Autobiography
 

 

 

                                                    Autobiography

                                        by Andrei Petrovich Ershov

 

I was born in Moscow on April 19, 1931. At that time my father, Piotr Nikolaevich Ershov, was a
postgraduate student, and my mother, Tatiana Konstantinovna Malinina, worked as a teacher. In

1937 the family moved to Rubezhnoe in Donbass, the town to which father was assigned to a job at
a chemical industrial complex. We lived in Rubezhnoe until the April of 1943. During the period
since the August of 1942 to the February of 1943 Rubezhnoe was occupied by Germans. Since the
May of 1943 we lived in Kemerovo, where a part of Rubezhnoe Chemical industrial complex was
evacuated and later reorganized into Kemerovo aniline dye factory. Father worked at this factory

continuously until his retirement in 1980. My mother is a housewife. My younger brother Sergei
Petrovich works as a controlling and measuring apparatus adjuster.

 

After leaving school in 1949, I entered the Moscow State University. After graduation in 1954, I
was assigned for postgraduate study in computing mathematics.

 

Since 1953 I had a part-time job first at the Institute of Precise Mechanics and Computing
Techniques and later (since 1955) at the Computing Center of the USSR Academy of Sciences. On
completion of my postgraduate study in 1957 I worked at the Computing Center as the head of the
department of theoretical programming.

 

In the summer of 1957, in response to Academician S.L. Sobolev’s proposal, I decided to move to
the Siberian Branch of the USSR Academy of Sciences. In the end of 1957 I started working on
organization of the department of programming at the Institute of Mathematics of the USSR SBAS.
Since the April of 1959 I was a part-time head of this department, and since the May of 1960
moved to a full-time status.

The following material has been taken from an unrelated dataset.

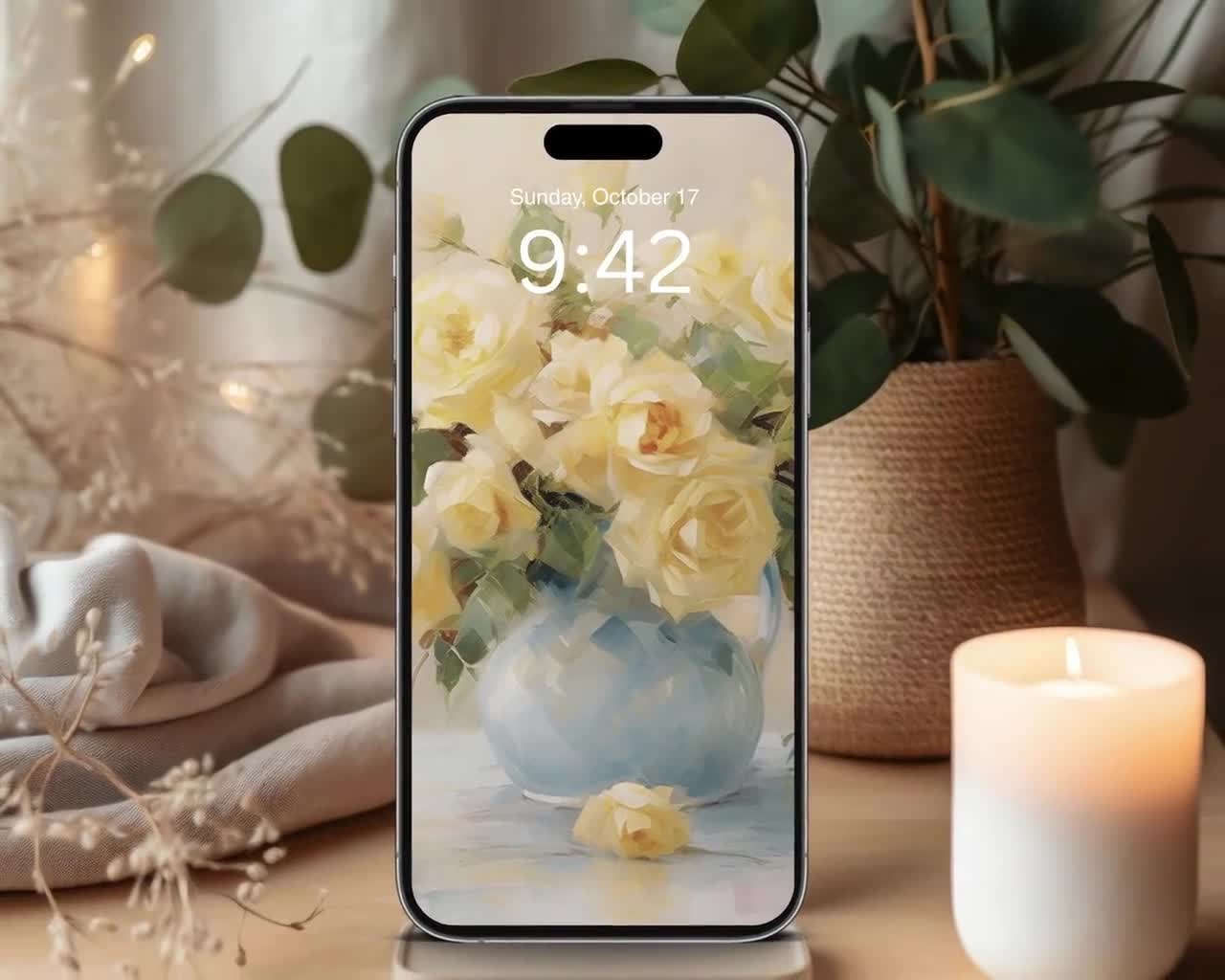 黄色いバラのスマホ壁紙、夢のような花柄のiPhone壁紙、Samsung Galaxy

Since the beginning of 1964, when the Computing Center became a
separate institution, I work there as a department head.

 

Since 1955 I wrote more than 200 papers on various problems of theoretical and applied
programming and adjoining branches of science. In the  January of 1962 I proved my PhD thesis,
and in the May of 1967 – my Doctor’s degree thesis. In 1970 I was elected the Corresponding
Member of the USSR Academy of Sciences in mathematics.

 

Since 1956 I am engaged in teaching first at the Moscow University and since 1961 – in
Novosibirsk University first as assistant, then as assistant professor and since 1968 – as Professor.

 

Since the beginning of 1961 I concern myself with the issues of researching computers as means and
subject of school education – first in the course of extracurricular activities, then in skill training
lessons and elective courses. I organized a standing School for Young Programmers of Novosibirsk
Soviet District that had its first graduation; I managed work of six Summer Schools for Young
Programmers; I run the “Art of Programming” column in “Kvant” journal as a member of its
editorial board. In 1981 I was invited as a keynote speaker to the IFIP World Conference on
Computers in Education. I am in charge of the “Software Development for School Educational
Process” program carried out in accordance with the decision of the USSR State Committee on
Science and Technology.

 

Since 1958 I frequently visited foreign countries with the purpose of participating in conferences
and congresses, lecturing and working in the International Federation for Information Processing
institutions. I am a member of a number of international and foreign scientific organizations; in
particular, in 1976 I was awarded to the title of the British Computing Society Distinguished
Fellow.

 

In 1967 and 1976 I was awarded a “Working Red Banner” Order for participation in foundation and
development of the Siberian Branch of the USSR Academy of Sciences, in 1970 – an anniversary
medal “Centenary of V.I. Lenin”, in 1981 – a “Sign of Honor” Order for good results of the 10th
five-year plan.

 

In 1952 I married Nina Mikhailovna Stepanova, who was then my fellow student. Having graduated
from the Moscow State University in 1955, my wife worked there as a programmer. Now she is a
senior laboratory assistant at the Institute of Mathematics of the USSR SBAS. I have two children -
a son, Vasily, born in 1953 and a daughter, Anna, born in 1959.